Veach allegedly told his brother-in-law that he had recently sold a product to Microsoft for $17 million and that he was given the chance to invest in Microsoft stock and was also allowed to allow friends and family to invest. Veach also told friends that he would personally match their investments and guarantee 40 percent interest.
The brother-in-law told police he believed Veach because Veach was in the process of buying a $650,000 home and drove a Porsche Carrera. The group ended up giving Veach a total of $52,312 for the investment. But, according to police, rather than investing the money, Veach deposited the money into his bank account and used the money to pay Ken Garff Automotive in Orem in an attempt to purchase several sports cars from the dealership. Dealership officials reported that a check Veach wrote for $222,603 bounced. The dealership then allowed Veach to lease the vehicles, which were quickly repossessed for lack of payment.
As it turns out, Veach was not a millionaire. His wife reported to police that he made about $75,000 a year.
By June 2001, friends say they became increasingly agitated that Veach failed to produce stock certificates. In-laws told police that Veach admitted to his wife that the investment was a scam and that he had spent all the money.
Deputy Utah County attorney David Wayment said he has never before seen an insanity defense used in a white-collar crime. Typically a claim of "diminished capacity" is used in crimes of passion or violence. "It is unusual for us to see this claim in a crime that requires sophisticated thinking and acting over a long period of time," Wayment said.
Utah County public defense attorney Richard Gale says he truly believes Veach was not aware of what he was doing and had no intent to victimize friends and family.
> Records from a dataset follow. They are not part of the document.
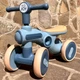 Беговел JOY TL-48-885 колеса 6’’ PU пластиковая рама свет озвучено на украинском голубой - изображение 12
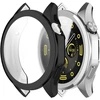 Acadeny [2 dėklų rinkinys, suderinamas su Huawei Watch Gt4 46 mm, juodas sidabrinis labai skaidrus visapusiškas apsauginis dėklas su ekrano apsauga, [atsparus dėmėms] [atsparus įbrėžimams] itin plonas Tpu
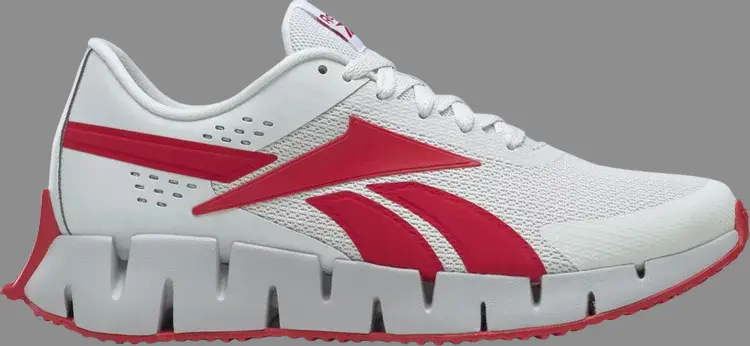 

Кроссовки zig dynamica 2 'pure grey vector red' Reebok, серый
Gale points to two mental evaluations. They conclude that although Veach can comprehend complex situations, with his depression and suicidal thoughts he "began believing grandiose things about himself and became confused between reality and fantasy," according to one mental-health expert.
Gale said he believes it is possible for Veach to be aware and rational enough to comprehend the financial side of things while being delusional. Wayment remains skeptical that the defense will hold up in court.
A hearing has been set for March 25 on the issue. Wayment said the state has hired its own expert, who will review Veach's mental-health reports.